I don’t think that India didn’t get an invitation to the parade from China as many are claiming it to be a foreign diplomacy failure – on social media.
These are chandu khaane ki gup. India, possibly chose not to be an audience to the parade, as it could not have been seen being a part of the parade for the very fact that we want to showcase sovereignty in global alignments and the multi-polar world. For India to be part of the parade would have also meant hurting the Japanese sentiments, a country Modi had visited before leaving for the SCO meet. I am not a Modi fan, but let’s not imagine things just because we want to be anti-Modi. We also would want to send a signal to the West and the US too: that we are with China and Russia, but at the same time we have not gone and sat in their lap. We are sovereign and independent. Not sure if SEMICON was also another reason for Prime Minister Modi coming to India early, as SEMICON was critical from the point where we want to take a lead in semiconductors, the digital gold of the future. So it sends multiple signals except the fact that we were not invited. That is a preposterous thought just because we want to bring out something negative.
Some people have also been saying that Modi simply “changed papa,” turning India’s old papa from Trump to a new papa in Xi Jinping. The Gopi Kishan analogy being circulated in the meme form of “mere do do baap” does not stand ground here. It is easy to make a filmi comparison, but international politics is not scripted like a Bollywood plot. Irrespective of the obvious eyewash to cater to the bhakt community, such as banning TikTok and a few apps or suspending direct flights to China, the fact is that trade between India and China never stopped. On the contrary, it has grown consistently over the years, even after the Galwan episode. That is a hard number, not an emotional slogan. To reduce this entire complex situation to an “old papa and new papa” story is not only simplistic, it is misleading.
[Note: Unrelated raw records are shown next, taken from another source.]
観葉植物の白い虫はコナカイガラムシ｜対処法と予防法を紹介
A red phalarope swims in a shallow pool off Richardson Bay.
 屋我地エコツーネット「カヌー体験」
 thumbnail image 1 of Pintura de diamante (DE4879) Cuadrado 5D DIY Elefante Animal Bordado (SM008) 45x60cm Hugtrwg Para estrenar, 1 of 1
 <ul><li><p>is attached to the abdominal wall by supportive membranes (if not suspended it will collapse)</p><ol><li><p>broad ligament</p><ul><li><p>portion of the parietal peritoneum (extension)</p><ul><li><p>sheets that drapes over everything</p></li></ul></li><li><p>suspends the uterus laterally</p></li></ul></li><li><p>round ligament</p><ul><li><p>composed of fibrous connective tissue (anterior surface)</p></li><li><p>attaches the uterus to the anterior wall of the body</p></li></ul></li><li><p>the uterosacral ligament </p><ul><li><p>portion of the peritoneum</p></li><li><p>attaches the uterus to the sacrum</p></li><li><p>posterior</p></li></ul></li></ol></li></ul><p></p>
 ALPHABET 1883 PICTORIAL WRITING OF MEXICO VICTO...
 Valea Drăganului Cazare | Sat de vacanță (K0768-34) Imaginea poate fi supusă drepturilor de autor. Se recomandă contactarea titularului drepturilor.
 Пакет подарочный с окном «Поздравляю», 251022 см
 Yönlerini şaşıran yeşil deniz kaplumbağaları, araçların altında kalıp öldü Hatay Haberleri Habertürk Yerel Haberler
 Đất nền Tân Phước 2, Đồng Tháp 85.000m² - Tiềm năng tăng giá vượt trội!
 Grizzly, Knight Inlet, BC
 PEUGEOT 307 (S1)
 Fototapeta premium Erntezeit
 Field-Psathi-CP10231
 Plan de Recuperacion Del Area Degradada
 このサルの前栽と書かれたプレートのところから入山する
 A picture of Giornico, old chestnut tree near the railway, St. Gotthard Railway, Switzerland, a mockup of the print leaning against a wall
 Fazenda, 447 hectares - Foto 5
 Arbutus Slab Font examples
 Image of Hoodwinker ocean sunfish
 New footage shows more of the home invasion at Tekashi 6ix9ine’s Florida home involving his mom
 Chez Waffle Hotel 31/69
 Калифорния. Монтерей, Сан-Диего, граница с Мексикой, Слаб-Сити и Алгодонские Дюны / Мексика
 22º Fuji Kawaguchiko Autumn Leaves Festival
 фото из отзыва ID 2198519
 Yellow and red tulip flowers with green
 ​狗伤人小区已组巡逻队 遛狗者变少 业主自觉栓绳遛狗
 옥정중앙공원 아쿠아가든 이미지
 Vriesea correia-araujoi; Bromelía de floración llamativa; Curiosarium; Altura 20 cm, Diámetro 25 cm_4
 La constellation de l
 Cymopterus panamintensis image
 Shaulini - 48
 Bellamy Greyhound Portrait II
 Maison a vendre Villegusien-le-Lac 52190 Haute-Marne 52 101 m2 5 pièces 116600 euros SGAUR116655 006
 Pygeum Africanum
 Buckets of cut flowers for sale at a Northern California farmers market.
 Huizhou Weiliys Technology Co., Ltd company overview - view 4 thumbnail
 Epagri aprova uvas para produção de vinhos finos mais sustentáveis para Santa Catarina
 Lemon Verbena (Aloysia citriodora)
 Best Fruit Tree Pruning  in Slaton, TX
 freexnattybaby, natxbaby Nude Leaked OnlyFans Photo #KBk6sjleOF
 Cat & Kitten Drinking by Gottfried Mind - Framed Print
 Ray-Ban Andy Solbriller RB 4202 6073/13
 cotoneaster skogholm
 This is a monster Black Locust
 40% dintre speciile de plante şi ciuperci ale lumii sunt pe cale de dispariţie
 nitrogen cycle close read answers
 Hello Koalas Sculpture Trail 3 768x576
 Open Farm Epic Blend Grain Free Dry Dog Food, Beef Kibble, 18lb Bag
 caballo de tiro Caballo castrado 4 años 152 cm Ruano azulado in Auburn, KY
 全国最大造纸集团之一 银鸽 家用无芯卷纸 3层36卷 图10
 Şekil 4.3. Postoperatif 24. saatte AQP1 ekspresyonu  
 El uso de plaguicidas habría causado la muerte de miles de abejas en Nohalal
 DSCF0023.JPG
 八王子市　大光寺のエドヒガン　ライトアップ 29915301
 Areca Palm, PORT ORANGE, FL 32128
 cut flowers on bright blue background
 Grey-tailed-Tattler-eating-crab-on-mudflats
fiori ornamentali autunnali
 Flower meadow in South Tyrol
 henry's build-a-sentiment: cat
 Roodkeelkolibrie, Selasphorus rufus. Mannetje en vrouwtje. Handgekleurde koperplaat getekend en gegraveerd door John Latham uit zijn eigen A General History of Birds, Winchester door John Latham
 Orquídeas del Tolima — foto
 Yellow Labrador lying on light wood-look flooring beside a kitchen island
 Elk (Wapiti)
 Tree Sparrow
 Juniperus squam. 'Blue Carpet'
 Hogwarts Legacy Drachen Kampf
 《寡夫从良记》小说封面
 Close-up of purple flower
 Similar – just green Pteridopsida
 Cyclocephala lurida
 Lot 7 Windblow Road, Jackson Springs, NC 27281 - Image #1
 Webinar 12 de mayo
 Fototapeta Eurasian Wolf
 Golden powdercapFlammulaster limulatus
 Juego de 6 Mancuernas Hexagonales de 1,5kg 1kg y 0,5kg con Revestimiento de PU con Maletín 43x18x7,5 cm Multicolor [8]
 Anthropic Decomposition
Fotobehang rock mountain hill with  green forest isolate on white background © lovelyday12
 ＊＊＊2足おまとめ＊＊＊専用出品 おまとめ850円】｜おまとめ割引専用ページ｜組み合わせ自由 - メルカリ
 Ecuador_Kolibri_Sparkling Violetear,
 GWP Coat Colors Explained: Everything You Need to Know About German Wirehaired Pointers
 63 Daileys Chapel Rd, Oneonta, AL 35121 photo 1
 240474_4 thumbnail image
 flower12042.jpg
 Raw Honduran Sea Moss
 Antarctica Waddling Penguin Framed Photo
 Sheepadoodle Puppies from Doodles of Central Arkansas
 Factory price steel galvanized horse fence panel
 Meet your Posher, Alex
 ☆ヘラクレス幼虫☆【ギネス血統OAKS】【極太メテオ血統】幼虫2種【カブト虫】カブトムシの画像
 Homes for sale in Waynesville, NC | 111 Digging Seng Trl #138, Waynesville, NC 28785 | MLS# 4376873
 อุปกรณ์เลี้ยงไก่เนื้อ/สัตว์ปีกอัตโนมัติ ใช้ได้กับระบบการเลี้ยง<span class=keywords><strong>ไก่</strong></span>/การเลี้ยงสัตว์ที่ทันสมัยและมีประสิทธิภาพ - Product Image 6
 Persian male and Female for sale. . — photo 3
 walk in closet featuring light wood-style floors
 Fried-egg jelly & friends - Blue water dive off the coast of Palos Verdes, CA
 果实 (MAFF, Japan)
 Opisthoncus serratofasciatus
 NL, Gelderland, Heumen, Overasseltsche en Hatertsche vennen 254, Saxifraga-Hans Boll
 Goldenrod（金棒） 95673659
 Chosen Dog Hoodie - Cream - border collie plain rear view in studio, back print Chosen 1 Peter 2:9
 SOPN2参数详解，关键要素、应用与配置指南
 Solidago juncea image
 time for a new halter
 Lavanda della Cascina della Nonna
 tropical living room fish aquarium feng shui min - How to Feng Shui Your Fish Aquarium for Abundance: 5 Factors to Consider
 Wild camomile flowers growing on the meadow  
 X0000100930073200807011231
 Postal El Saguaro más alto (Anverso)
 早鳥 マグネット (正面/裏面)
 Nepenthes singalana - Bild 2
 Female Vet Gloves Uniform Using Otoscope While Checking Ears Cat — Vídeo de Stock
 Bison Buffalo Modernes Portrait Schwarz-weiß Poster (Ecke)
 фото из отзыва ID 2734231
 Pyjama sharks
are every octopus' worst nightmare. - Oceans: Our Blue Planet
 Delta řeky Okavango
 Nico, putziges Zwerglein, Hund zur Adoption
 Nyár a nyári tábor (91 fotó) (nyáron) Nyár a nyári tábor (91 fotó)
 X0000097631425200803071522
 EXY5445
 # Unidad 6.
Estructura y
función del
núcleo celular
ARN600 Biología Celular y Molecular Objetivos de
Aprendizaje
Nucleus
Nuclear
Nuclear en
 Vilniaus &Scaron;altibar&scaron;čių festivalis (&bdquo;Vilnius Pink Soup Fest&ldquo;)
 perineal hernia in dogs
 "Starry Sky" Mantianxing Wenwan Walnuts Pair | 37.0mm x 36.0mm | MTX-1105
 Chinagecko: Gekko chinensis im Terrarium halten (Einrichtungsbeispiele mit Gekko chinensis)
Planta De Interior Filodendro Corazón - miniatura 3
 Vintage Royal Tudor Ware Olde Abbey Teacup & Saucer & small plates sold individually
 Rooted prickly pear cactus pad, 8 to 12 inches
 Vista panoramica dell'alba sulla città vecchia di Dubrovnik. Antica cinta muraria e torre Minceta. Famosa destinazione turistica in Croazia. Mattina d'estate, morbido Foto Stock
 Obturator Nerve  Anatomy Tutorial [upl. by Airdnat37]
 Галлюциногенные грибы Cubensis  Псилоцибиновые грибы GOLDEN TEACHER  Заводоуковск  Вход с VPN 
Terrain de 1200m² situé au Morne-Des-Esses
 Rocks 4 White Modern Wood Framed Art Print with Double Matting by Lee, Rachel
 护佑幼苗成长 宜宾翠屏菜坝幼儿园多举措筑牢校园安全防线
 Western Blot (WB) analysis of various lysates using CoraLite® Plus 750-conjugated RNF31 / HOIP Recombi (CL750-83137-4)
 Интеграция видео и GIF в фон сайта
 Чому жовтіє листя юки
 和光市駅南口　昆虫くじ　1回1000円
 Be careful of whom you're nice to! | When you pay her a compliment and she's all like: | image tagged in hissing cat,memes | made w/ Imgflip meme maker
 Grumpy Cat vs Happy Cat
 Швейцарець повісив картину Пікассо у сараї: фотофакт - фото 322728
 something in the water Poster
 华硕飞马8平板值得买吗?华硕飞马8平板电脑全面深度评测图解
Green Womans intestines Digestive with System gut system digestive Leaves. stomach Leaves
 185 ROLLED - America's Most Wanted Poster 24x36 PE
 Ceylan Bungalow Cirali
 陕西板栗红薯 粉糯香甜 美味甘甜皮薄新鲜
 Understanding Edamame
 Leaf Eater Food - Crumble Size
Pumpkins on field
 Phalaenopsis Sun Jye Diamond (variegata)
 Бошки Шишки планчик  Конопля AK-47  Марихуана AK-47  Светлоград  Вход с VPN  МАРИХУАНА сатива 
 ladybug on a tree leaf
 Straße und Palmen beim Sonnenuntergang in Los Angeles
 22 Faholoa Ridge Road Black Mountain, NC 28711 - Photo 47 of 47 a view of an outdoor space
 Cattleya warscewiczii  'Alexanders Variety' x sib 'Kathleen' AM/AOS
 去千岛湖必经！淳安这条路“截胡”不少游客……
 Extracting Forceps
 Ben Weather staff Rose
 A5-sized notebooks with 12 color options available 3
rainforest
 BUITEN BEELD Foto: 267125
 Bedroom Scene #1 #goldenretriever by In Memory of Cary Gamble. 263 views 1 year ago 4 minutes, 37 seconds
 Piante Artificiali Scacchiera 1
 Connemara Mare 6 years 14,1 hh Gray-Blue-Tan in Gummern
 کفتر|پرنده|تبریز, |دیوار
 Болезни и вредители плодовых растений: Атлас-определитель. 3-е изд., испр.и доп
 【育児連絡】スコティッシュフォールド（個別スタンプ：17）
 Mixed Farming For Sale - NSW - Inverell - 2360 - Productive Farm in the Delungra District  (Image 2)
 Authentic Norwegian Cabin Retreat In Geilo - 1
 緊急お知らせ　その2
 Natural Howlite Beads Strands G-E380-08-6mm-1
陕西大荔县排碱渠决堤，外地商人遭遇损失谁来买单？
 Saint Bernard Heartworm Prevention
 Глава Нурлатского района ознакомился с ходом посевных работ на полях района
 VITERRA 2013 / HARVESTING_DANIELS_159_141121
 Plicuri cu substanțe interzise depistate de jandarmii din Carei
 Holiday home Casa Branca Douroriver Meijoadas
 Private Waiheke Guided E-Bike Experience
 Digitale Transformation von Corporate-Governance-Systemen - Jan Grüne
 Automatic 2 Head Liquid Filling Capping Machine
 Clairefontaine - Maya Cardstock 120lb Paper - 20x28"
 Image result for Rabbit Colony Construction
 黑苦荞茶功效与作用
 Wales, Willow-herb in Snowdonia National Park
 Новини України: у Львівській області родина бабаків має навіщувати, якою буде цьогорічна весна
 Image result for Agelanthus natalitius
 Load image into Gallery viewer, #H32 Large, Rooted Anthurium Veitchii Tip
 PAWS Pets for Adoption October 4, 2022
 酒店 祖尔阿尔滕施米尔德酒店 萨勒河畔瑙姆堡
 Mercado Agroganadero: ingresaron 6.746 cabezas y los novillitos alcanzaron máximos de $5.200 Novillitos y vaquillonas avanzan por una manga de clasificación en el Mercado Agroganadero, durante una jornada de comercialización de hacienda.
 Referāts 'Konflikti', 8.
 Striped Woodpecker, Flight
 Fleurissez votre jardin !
It is the same as what bhakts do in reverse. They see Modi in everything, and here the dislike for Modi is making some see only one face behind every global development. Both ways it misses the larger point.
In global politics there are no permanent enemies and no permanent friends. There are only permanent interests of the nation. That is the reason India has to tread a careful line. With the United States we need technology, markets and investments. With Russia we have long-standing defence and energy dependence. With China we cannot ignore either the geography or the economic interlinkages, and BRICS is a forum that India cannot afford to walk out of. It is not about papa or step-papa. It is about being able to deal with multiple power centres while not losing sight of our own sovereignty.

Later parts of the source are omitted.